Now, Crunch Gear has an excellent explanation of what this means in terms of how film works, how TV works, and how the new high frame rate works. If you’re curious on a geek level about why frame rates are the way they are, you should read it. There’s one bit, though, I want to pull from this:
The negative reaction to high framerates is also associational. For decades we’ve watched cheaply-produced TV shows shot on video tape or transmitted live at an end framerate of 60i. Flat lighting, bad production in general, and small screens have for our entire lives associated high framerates with low quality.
Here’s the thing. I (or rather my cinematographer, who owns the camera) shoot on high definition video. Because that’s what we can afford. There are a lot of tricks and plugins and processes that we can run that high def video through to make it look like film, which means that we’re trying to degrade the video to make it look more expensive.
I know, right?
Now! Two of the biggest directors in the world are working on the most hotly anticipated movies, and these movies that are going to “break” the look of what a blockbuster film is. They are not going to look like films you’ve seen before, they’re going to look like video. And this is going to cause some cognitive dissonance for older audiences. And then people will get over it.
Except.
Except that once Hollywood gets audiences to accept that shooting at high framerates doesn’t register emotionally as “this looks cheap,” then they’ve undermined the major obstacle between Hollywood Films and amateur filmmakers.
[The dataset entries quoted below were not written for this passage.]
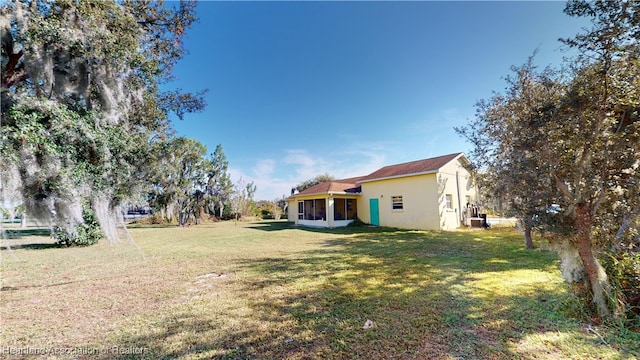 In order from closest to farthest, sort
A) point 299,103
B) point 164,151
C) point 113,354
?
point 113,354 → point 164,151 → point 299,103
You’ll still have to worry about depth of field, lighting, Mise-en-scène and all the stuff that truly separates a filmmaker from someone shooting a home video, but the last stronghold of “Film” as a piece of celluloid that runs through a shutter will have been breached.
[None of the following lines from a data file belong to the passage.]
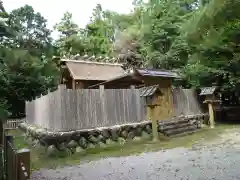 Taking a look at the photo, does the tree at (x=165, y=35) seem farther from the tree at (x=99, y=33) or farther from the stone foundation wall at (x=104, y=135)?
the tree at (x=99, y=33)

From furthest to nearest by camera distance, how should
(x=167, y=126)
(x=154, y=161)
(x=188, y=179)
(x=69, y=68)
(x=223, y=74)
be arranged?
(x=69, y=68) < (x=223, y=74) < (x=167, y=126) < (x=154, y=161) < (x=188, y=179)

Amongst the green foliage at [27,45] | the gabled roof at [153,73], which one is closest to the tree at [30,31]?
the green foliage at [27,45]

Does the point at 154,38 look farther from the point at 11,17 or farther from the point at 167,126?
the point at 11,17

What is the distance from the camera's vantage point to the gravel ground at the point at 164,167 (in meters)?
4.97

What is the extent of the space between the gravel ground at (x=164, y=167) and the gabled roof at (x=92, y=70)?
987 centimetres

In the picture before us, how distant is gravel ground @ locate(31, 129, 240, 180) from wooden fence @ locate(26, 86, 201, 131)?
193 centimetres

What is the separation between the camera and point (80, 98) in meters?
8.38

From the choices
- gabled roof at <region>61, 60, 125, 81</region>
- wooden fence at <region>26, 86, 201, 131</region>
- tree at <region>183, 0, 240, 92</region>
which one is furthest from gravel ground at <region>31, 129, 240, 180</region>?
gabled roof at <region>61, 60, 125, 81</region>

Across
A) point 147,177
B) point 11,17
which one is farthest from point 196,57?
point 11,17

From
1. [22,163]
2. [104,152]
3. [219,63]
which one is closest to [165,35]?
[219,63]

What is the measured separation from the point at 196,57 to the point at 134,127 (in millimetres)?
6279

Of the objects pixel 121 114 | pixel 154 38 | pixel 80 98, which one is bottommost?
pixel 121 114

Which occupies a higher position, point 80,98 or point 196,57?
point 196,57

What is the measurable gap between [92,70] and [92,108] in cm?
919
Think about this: amateurs like me, film students, independent filmmakers; we won’t have to process our digital video to make it look like a 35mm camera that was invented decades ago, because professional movies will be made to look like digital. The mountain came to us.
This is the most awesome news in moving media since at least the invention of the DVD.
In graduate school (late 1990s) as DVDs were becoming viable, I did a bunch of readind on them, which forced me to do a lot of reading on video formats and how they were converted to each other for rebroadcast, and so on. I was stunned and horrified at the incredibly byzantine processes that films were put through to kind-of, mostly play on video. (Doubling frames to get the 24 fps to come out to about 30 fps–made and makes my brain hurt.)
I was delighted when the standards for digital TV transmission were laid down, and the formats had provisions for 24, 30, and 60 frames per second. I naively thought that that combined with modern multi-sync montitor technology (which was quite established by 2000) would eliminate all this fuss, and videos or movies or whatever would remain in their original form, transmitted in the proper frame rate (or a direct multiple), and the advanced monitor would sort it out. I was horrified anew when after establishing these very rich and versatile standards, the entire video industry assumed we were all morons, that one number (# of scan lines) was the only parameter that you needed and that all systems and devices would only speak 60 Hz. Argh argh argh and bloody hell.
The backdrop to all this, though, has been that despite all the stupidity in the higher-end part of the TV industry, the prices of even good video equipment have been steadily falling during all that time so suddenly small film-makers, so people like you (Bill) and my sister can shoot with cameras that cost a sane amount of money and have source material that’s as good enough that it isn’t the limitation.
I’m so terribly terribly glad that these two sure-to-be-popular films will bridge the last gap and help bring higher-than-24-fps into mainstream consideration. I think it would be nice if they shot it at 60 fps, but you can’t have everything, I guess.